Rod comments: “It’s important to understand the person you’re presenting to [during investor roadshows]; the broker, if he’s switched on, should know what the investors are looking for. If it’s a generalist fund, the presentation needs to be at that level: simple, succinct and without technical jargon.
“If it’s a specialist fund then you need to go into more detail… It’s always useful having someone else with you, a chairman, CFO or company secretary, who can take over some of the talking and give you a bit of a break or to help reinforce a point.”
5) Be Sensible on Pricing
It’s inevitable that some IPOs will be pulled due to disagreements over pricing. David says: “Unconnected analysts and commentators will look to make money shorting and can always find a credible story as to why the issue was overpriced and that will always spook some into selling…
“It’s another reason why not getting suckered into bullish forecasts is so important, that way your first set of results will steady the ship.”

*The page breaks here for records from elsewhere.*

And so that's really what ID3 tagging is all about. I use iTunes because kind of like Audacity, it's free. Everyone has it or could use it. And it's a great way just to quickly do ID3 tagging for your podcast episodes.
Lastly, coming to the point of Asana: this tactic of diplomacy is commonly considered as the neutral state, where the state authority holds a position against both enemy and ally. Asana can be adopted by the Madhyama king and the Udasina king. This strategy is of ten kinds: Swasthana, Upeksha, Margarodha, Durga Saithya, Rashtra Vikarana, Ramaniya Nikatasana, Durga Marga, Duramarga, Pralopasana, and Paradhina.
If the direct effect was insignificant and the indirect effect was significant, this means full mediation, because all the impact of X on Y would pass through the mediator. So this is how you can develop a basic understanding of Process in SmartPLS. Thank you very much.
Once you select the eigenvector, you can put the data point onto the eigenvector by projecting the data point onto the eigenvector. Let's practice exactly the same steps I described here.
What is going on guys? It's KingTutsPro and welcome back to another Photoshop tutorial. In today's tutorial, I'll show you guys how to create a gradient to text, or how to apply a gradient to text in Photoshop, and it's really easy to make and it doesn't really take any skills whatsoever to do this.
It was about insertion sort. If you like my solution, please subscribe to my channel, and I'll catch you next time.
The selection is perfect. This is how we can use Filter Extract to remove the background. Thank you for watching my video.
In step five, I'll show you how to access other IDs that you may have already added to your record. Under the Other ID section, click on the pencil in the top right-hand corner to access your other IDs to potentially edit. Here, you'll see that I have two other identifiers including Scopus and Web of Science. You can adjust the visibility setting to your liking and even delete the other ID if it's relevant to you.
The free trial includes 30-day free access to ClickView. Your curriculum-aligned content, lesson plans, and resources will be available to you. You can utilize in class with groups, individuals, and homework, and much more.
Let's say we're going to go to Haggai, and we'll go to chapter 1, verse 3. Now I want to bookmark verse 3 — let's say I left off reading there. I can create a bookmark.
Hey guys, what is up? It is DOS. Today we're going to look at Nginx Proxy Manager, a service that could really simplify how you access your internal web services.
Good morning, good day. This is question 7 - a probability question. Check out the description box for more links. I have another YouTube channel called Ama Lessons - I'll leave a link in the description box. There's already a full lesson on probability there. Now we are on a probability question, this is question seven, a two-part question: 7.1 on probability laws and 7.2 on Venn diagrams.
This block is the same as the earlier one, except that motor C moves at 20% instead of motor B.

Martin comments: “If you are an entrepreneur looking to IPO, you should have your own idea of a valuation… [with] a price-to-earnings multiple that enables you to have a feeling about the fair price range for the business.
“Armed with this knowledge as background, you then need to convince the bank and the analysts that you have the right peer group and a proper forecasting system, which is reliable and that will continue to meet their expectations. You also need an equity story that is timed well for the market.”
Think carefully about the blend of investors too. Jamie Pike, Chairman of FTSE 250-listed plastics manufacturer RPC Group, says: “One of the critical success factors in any IPO is that you have genuine liquidity after a float. You must be able to create a market for people to buy and sell your shares… [because] if there’s a lack of liquidity people have no idea whether they’ve been given an accurate price.”
6) Hit Those Numbers
The performance of the business cannot be allowed to drop-off in the run-up to flotation, yet it can easily happen.
“A significant challenge for companies is to continue the day-to-day running of the business, while at the same time conducting an intensive IPO process,” says John. “Banks and independent advisers can help lighten the execution load, but it is still a demanding time for a company’s executive team.”
David says: “[It’s] a real issue as the IPO takes the CEO and CFO out of day-to-day management for three months. It helps if there’s a COO but, if not, it’s obviously important that no big operational events are planned during that period. [During the William Hill float] I made sure each of my direct reports sent me a short daily ‘exceptions’ report and were exhorted that ‘no surprises’ was the order of the day.”
For CEOs thinking about the move, it’s a case of taking the time to put every piece in place so the business is performing to the highest level. After all, while a successful flotation is to be commended, there’s no bedding-in period once a company goes public.
“Time and again I think management teams regard a successful IPO as the end of the journey, but it’s actually just the start,” says Caroline.